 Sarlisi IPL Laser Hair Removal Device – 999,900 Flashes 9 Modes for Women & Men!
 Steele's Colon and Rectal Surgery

==

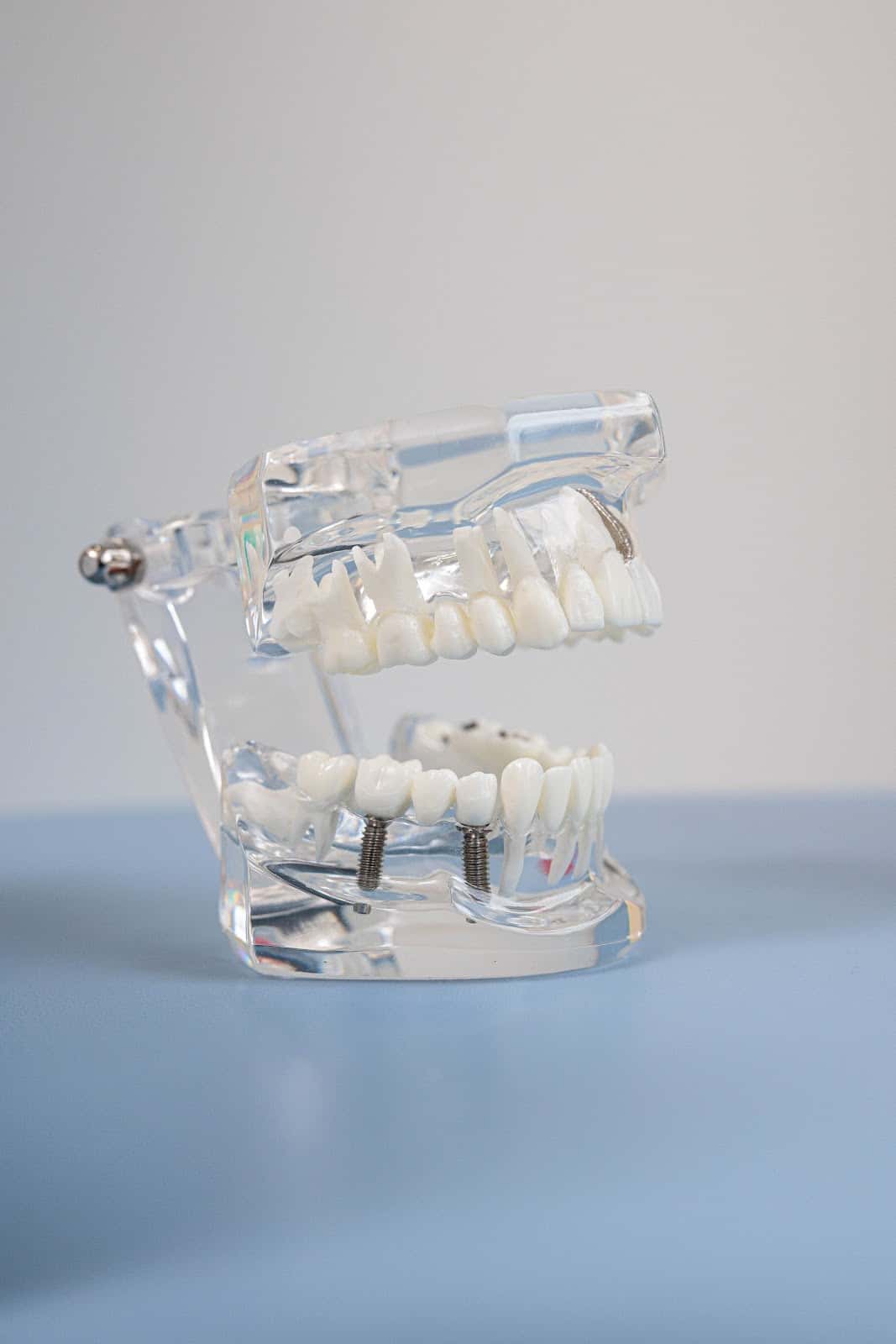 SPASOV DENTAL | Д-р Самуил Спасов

WHAT THE TASK REQUIRES:
Copy out only the lines above from the one with "Sarlisi IPL Laser" to the one with "Steele's Colon and Rectal Surgery", inclusive, exactly as they stand.

SOLUTION TO THIS PROBLEM:
 Sarlisi IPL Laser Hair Removal Device – 999,900 Flashes 9 Modes for Women & Men!
 Steele's Colon and Rectal Surgery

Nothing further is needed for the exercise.